The current rubric, which flags programs that confer fewer than 25 degrees over five years, has identified from 41 to 54 programs for review in recent years, according to a task force on program elimination that presented the committee’s findings.
“While the current metric has been useful in determining an academic program’s performance based on the conference of degrees, it represents a lagging indicator,” the task force said. “In addition, by focusing on graduated students rather than enrolled, the current metric does not fully represent the instructional workload associated with providing curriculum for a program.”
While the group honed in on a numerical measure of a program’s health, members also highlighted that metrics don’t capture its whole value.
Along with quantitative rubrics, “the value of a program is also reflected in its qualitative contributions,” the task force said. “Both measures should be included in a thorough and fair monitoring process that looks at the totality of contribution of an academic program.”
The task force and its work grew out of a review by Deloitte consultants last year of the Universities of Wisconsin, which found several of the system’s campuses were suffering from enrollment declines and structural deficits. However, the system overall logged its third straight year of enrollment growth this fall, with increases at nine of its 13 institutions.
Along with the new metric, the task force recommended that the system increase reporting about enrollment trends to the regents, quickly investigate how campuses might share their courses and programs, and to standardize term start dates across the system. The regents said new task forces will be formed to address the last two recommendations.
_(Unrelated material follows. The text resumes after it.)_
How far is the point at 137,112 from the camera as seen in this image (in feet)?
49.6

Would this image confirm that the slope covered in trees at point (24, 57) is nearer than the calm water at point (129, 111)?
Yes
Several states and public college systems are using enrollment or graduation trends to determine which programs to keep and which to cut.
Regents for Oklahoma’s public universities and colleges recently voted to eliminate 41 programs and suspend another 21 using metrics based on degrees conferred and enrollment.
In its latest review, State University System of Florida institutions flagged 18 academic programs for elimination last month after identifying more than 200 deemed underperforming. The system began reviewing programs roughly fifteen years ago using minimum thresholds for degrees conferred.
This year, both Indiana and Ohio passed laws that mandate that programs be eliminated at public colleges if they fall short of graduation quotas. Those laws have so far led to dozens of planned program cuts in both states.